Mingus Box Set of His 1970s Atlantic Recordings Is A Treasure Trove And A Mixed Bag
8 LP set highlights the later Atlantic output of the great bassist, composer and arranger.
"You can't improvise on nothing, man; you gotta improvise on something”, says Charles Mingus in his wild, wonderful autobiography, Beneath the Underdog. Mingus is perhaps best known as a free-thinking bass virtuoso, but the quote comes from the mind of one of the greatest composers in all of jazz. At my house, Duke Ellington reigns supreme on top of that particular list, but Ellington admirer Mingus is a runner-up, hot on the heels of people like Thelonious Monk, Miles Davis and Bill Evans.
Mingus’ format as a deeply spiritual, playfully inventive and stylistically uninhibited composer, player and bandleader is very much in evidence on Changes: The Complete 1970s Atlantic Studio Recordings, an 8 LP (or 7 CD) box set of his late-era recordings for the label.

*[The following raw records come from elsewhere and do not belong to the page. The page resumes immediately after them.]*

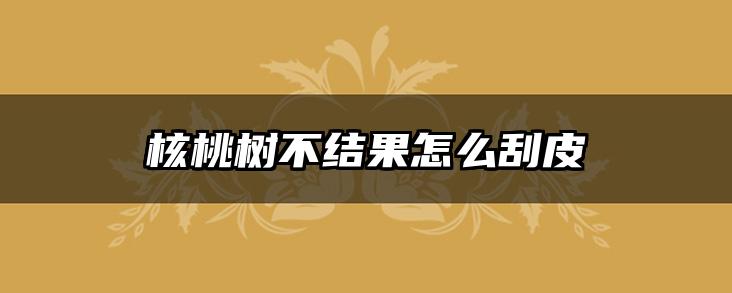 核桃树不结果怎么刮皮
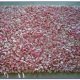 Rag Rugs DIY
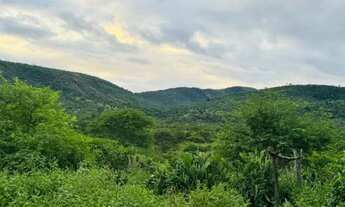 Imagem 5: FAZENDA À 22KM DE ITABERABA - 2415 TAREFAS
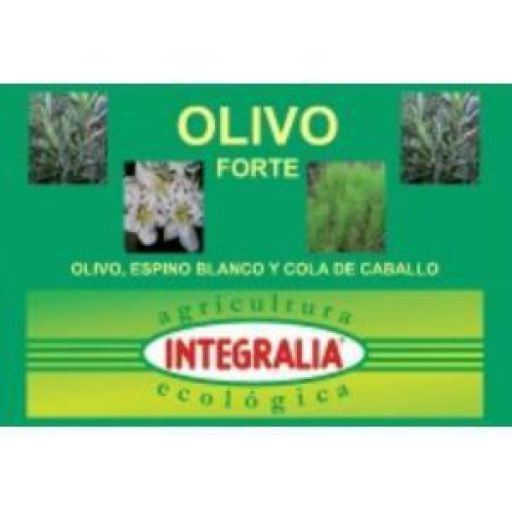 Olivo Forte Eco 60 kapsułek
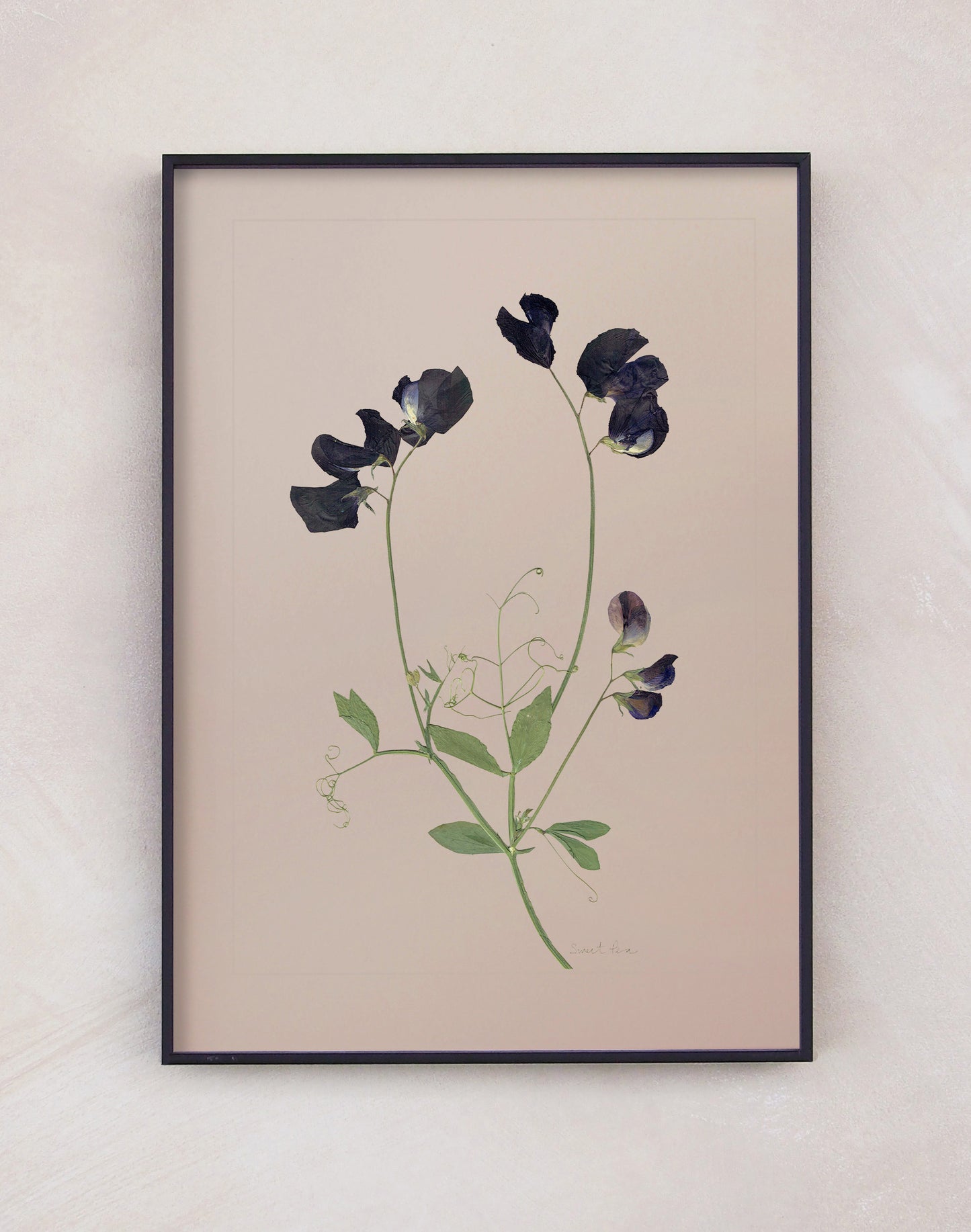 Sweet Pea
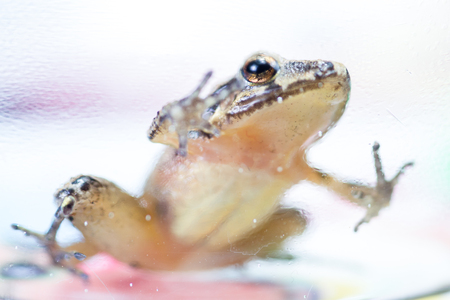 close up of a small tree frog posing indoors on a patterned bright backgroundの写真素材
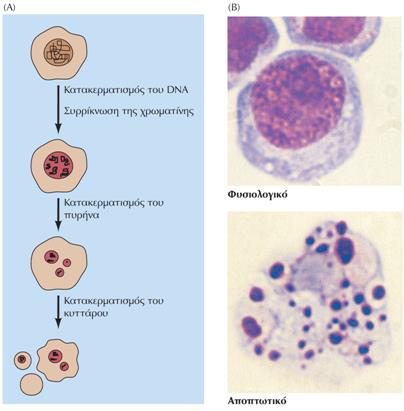 Στην απόπτωση αλλάζει η δομή του κυττάρου και του πυρήνα (1) Διαγραμματική παρουσίαση των βημάτων της απόπτωσης (Α).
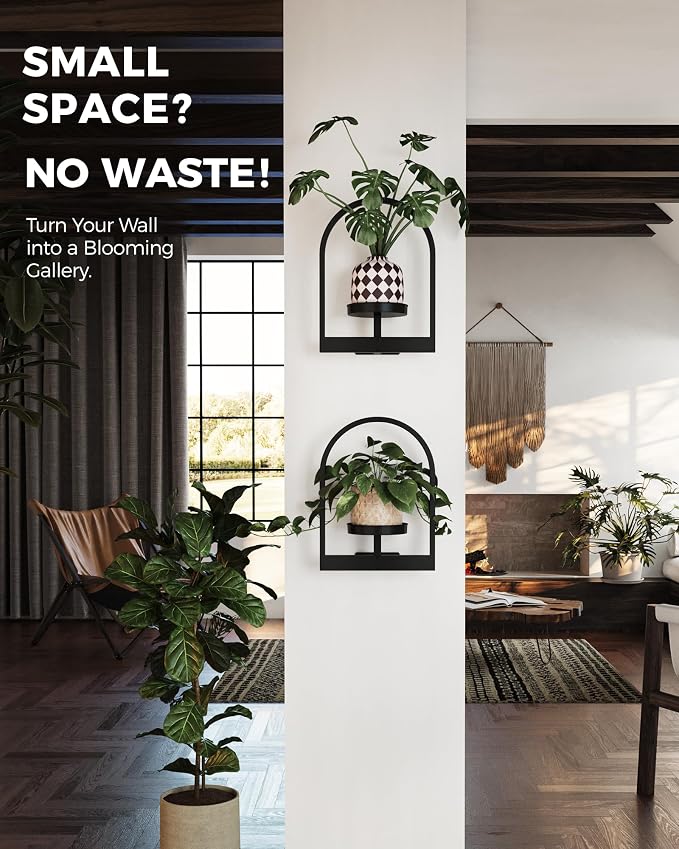 Bamworld Wall Plant Holder Plant Stand Indoor Wall Planters Round | Wall - Image 5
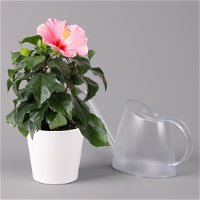 Hibiskus, rosa in Keramiktopf Dallas weiß, Topf-Ø 13 cm, 2er-Set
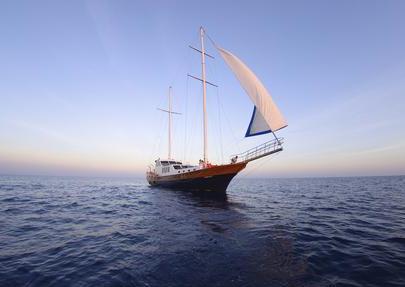 7月11日是什么節日？中國航海日是幾月幾日？中國航海日的由來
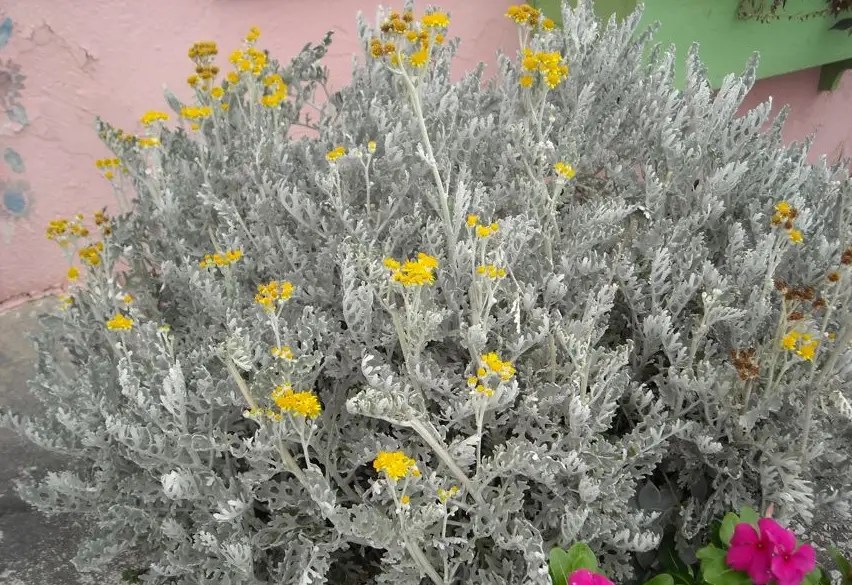 Dusty miller winter care best ways to protect the plant 2022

First, a bit of local color. April 12th next year will mark the 60th anniversary of the night Mingus and his sextet, featuring Eric Dolphy, Dannie Richmond, Jaki Byard, Clifford Jordan, and Johnny Coles, played a legendary concert here in Oslo, Norway, directly underneath Edvard Munch's epic mural "The Sun" in the University auditorium. Legendary to us Norwegian jazzheads, that is – but this 1964 gig is worth watching for anyone interested in jazz.
While Mingus is best known for his 1950s recordings for Columbia and Atlantic and his early 1960s sessions for Impulse!, there is a treasure trove of music to be found in the records from his late period with Atlantic. Lesser known than earlier highlights like Pithecanthropus Erectus, The Clown, Blues and Roots, Mingus Ah Um and The Black Saint and the Sinner Lady, but still great.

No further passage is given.